Lo que digo es que los medios masivos son
el principal instrumento de control, o pueden llegar a serlo, en el capitalismo
de la información del siglo XXI más que nunca, dado el nivel de masificación y
eficiencia de difusión de la misma, afirmando que esta facilidad de difusión y
producción son grandes avances, pero su manejo se mantiene en la prehistoria de
dominación de unos grupos sobre otros, la más mortífera, ya que ni siquiera se
necesita fuerza física, sino es un engaño, una estafa, una mentira que los
ciudadanos consumismos desde que nacemos, es parte de la cultura.
Todo esto me lleva a pensar que éste
ideal de “Progreso”, manejado por estos medios masivos y los que los controlan
y allegados, es falso, dado que nuestra sociedad actual tiene los mismos
vicios, si no más, que antes, tales como guerras, incremento en la pobreza,
miseria, violencia y desilusión en los más mientras unos cuantos, cada vez
menos, son los que se enriquecen y tienen un mayor bienestar, la
sobreexplotación de los recursos naturales que está contaminando y terminando
con el planeta y su habitabilidad, etc.
Varios de estos problemas, si no todos,
podrían resolverse si el dinero invertido en ciencia y tecnología no fuera
financiado por los culpables de lo mismo, ya que la ciencia y tecnología con
que contamos podría solucionarlos. El problema es que las industrias que más
aportan a la investigación científica son precisamente el ejército y la
industria alimenticia, por ejemplo, ambas industrias conocidas por su
corrupción e intereses egoístas de enriquecimiento. Este hecho de tener los
medios para solucionar problemas y usarlos sólo para empeorarlos y hasta
producir nuevos (crisis nucleares, contaminación), me parece de lo más
retrógrada y no puedo, en ningún caso aceptar su bandera de “progreso”, así que
he decidido tener mi ideal y bandera de “descomposición” como ideal metafórico
contrario, para denotar, con los mismo medios de manipulación, las partes que
estos medios no muestran, llevadas al extremo. La metáfora principal que manejo
a la par de la “descomposición” es el “fin del mundo”, como un evidente “anti-progreso”.

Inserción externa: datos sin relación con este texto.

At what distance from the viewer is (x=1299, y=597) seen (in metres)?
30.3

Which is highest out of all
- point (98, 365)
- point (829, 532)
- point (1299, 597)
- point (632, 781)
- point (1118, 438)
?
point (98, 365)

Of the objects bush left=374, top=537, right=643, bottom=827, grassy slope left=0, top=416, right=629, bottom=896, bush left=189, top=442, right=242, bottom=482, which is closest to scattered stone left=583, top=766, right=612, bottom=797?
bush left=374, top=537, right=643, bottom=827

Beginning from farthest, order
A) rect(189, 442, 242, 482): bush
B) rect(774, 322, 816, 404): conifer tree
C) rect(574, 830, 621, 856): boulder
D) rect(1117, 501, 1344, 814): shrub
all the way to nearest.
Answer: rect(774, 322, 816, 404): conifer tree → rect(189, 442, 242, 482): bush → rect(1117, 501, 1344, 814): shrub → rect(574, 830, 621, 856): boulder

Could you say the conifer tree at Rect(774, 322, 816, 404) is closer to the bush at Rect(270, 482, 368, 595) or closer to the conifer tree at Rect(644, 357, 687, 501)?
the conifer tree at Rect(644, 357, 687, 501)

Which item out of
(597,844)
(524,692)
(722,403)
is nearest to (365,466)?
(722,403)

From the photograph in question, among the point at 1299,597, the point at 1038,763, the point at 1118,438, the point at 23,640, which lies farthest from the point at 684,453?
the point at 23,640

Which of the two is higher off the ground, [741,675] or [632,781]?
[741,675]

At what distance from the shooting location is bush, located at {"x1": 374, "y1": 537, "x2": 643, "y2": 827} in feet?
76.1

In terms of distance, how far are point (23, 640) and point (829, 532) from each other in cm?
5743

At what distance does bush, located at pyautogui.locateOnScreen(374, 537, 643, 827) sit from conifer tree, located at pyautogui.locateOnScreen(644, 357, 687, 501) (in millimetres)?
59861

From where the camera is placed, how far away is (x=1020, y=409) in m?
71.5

Estas metáforas son adornadas, “estetizadas”
por decirlo así, para presentarlas de forma espectacular o agradable, haciendo
referencia a las estrategias usadas por los medios masivos para disfrazar
ideologías ocultas, como menciono en la descripción. En este caso, la
publicidad, el cartel, el cómic y el cine, principalmente.
Es por estas razones e inquietudes que
quiero llevar a cabo el proyecto “Descomposiciones” hasta sus máximas
consecuencias.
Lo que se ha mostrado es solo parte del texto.